Entropy: It measures the amount of uncertainty and random messages or data sources. In mathematical terms,
H= – ∑i pi log b p(i)
This is also called Shannon’s entropy indicates,
pi- probability of the occurrence of the character
i- the stream of characters
b- base of the logarithm
You can get the detailed information about the further mathematics on digital communication terms like mutual information and channel capacity where you may get the clear idea about Information Theory courses.
Applications of Information Theory:
1. Data Compression: The fundamental concept is to keep text in a dictionary and, when a block of text repeats, to record which block was repeated rather than the actual text. This dynamic method to compression has been quite successful, in part because the compression algorithm adapts to optimize the encoding based upon the specific text, despite technical challenges with the dictionary size and to update the entries. Based on these concepts, several computer programmes employ compression algorithms.

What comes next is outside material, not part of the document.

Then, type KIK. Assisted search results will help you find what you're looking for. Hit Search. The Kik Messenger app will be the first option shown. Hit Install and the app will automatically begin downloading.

2. Error Correcting & Error Detecting Codes: An automated request to resend the message corrects the error. In some circumstances, it is more effective to use as an error-detecting code just to indicate what has to be retransmitted because error-correcting codes often require more extra bits than error-detecting codes. Error-correcting codes are typically used in transmissions, to and from spacecraft, due to the challenges associated with retransmission. It is obvious that the highest level of expertise must be used to create communication systems that perform at the restrictions set by Shannon’s conclusions due to the lengthy transmission distances and minimal power available in sending from space.

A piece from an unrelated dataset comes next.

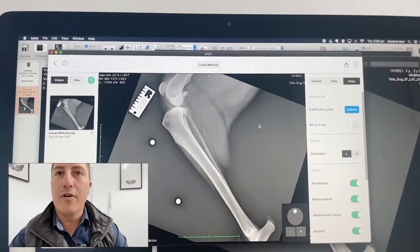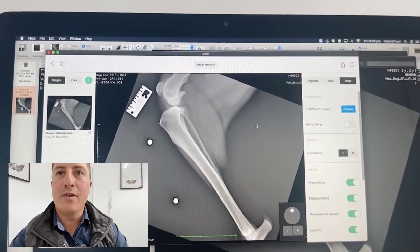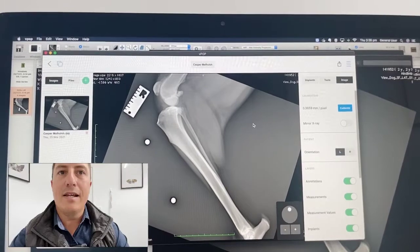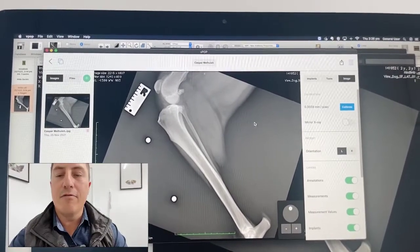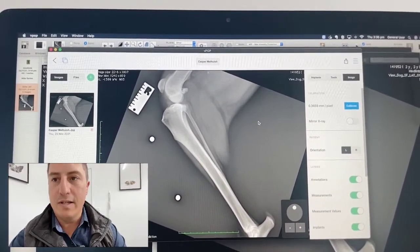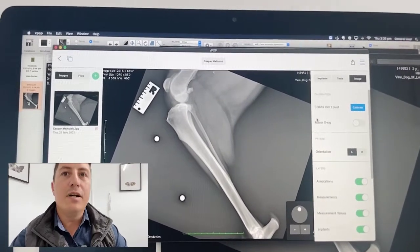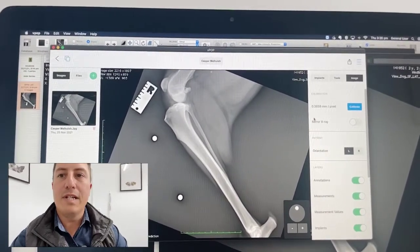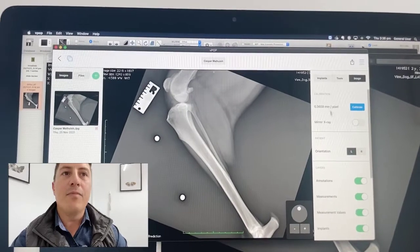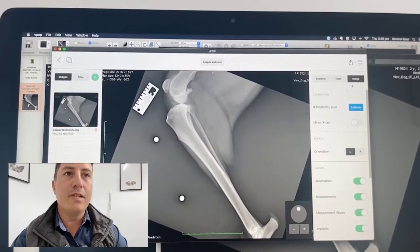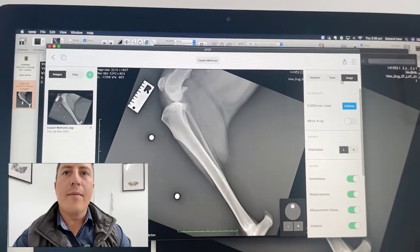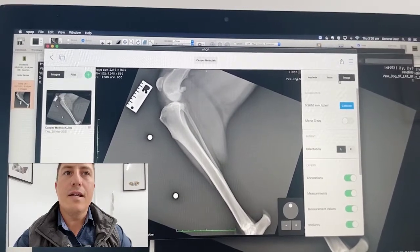What we're using here is a program called VPOP Pro. This is orthopedic planning software developed by a guy called Roy Patton in the UK — a really great surgeon and really nice guy. This software is awesome. I use it now for all of my TPLO planning. I wish this was around when I started doing TPLOs about 15 years ago.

3. Cryptology: The science of secure communication is known as Cryptology. It relates to both Cryptography, the study of how information is concealed and encrypted in the first place, and Cryptanalysis, the study of how encrypted information is exposed (or decoded) when the secret “key” is unknown. To encrypt and decrypt messages, cryptographic systems make use of a key which is a particular piece of knowledge.

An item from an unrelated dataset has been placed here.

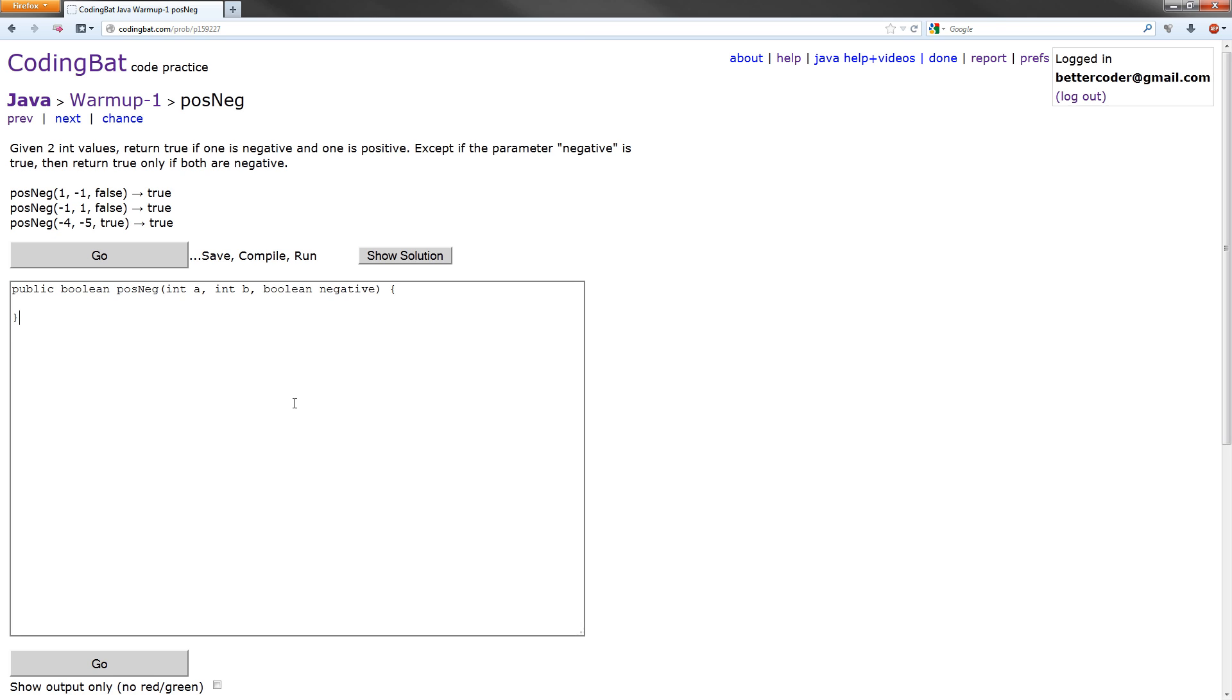So let's write this out. We're going to start with the second case first. So if negative equals true, what do we want to do? Well, we want to return true if A and B are both negative because negative is specified as true. So if A is less than zero and B is less than zero.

To conclude, the use of source coding/data compression (for ZIP files, etc.) and channel coding detection/correction is an application of fundamental Information Theory concepts. It has contributed to the launch and accomplishment of space missions into outer space, development of the Internet and the usefulness of mobile phones. Hope these applications of Information Theory gave you a clear idea and the best Engineering Colleges in Coimbatore provide the detailed concepts on Digital Communication with this Information Theory.